While it may not be the case, it could benefit from further development in that direction.
We already have multiple CPUs with private memory: L1 caches are private to each core in a multi-core CPU.
The challenge, however, is that sharing and synchronization are performed at an overly fine level, necessitating complex cache coherency algorithms.
Currently, data is passed between cores on a variable/memory-cell level, which can interrupt any processor while global memory is being updated.
I advocate using a narrower waist. The only way to share values between isolated processes would be to enqueue them in a more constrained manner, i.e., atomic, asynchronous insertion into queues. This mental model can be likened to an Arduino sending a packet of information to an ESP32 over a thin wire. We already know how to accomplish this type of task (“networking”), but we were constrained by 20th-century hardware to implement something more convoluted and synchronous within programming languages, i.e., functional calling instead of message passing.

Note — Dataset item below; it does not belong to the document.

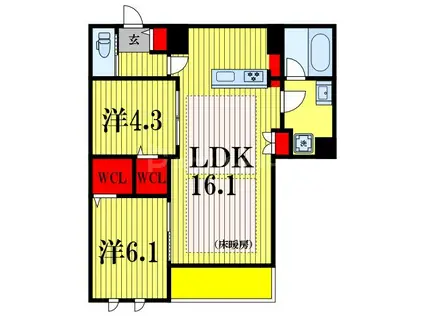 VICTOIRE 南流山(2LDK/2階)の間取り写真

We have been subjected to false advertising, such as the notion that “C” is a “low-level language.” Due to this misconception, we became enamoured with functional, stack-based calling conventions and overlooked other very different ways of solving sub-problems. A glaring example is “forth,” which does not implicitly use the C calling convention. Another example is Prolog (its syntax only resembles “functions,” but it is not). I am not certain that Green Arrays’ forth is “the” answer, but it certainly differs from what we consider “programming.” GA144 - youtube.com/watch?v=0Pc…. I believe we are discouraged from considering this and other approaches due to our devotion to synchronous, sequential, functional programming.
This can be accomplished easily with the software we already have, without any hardware modifications. This does not require new technology, only a shift in perspective.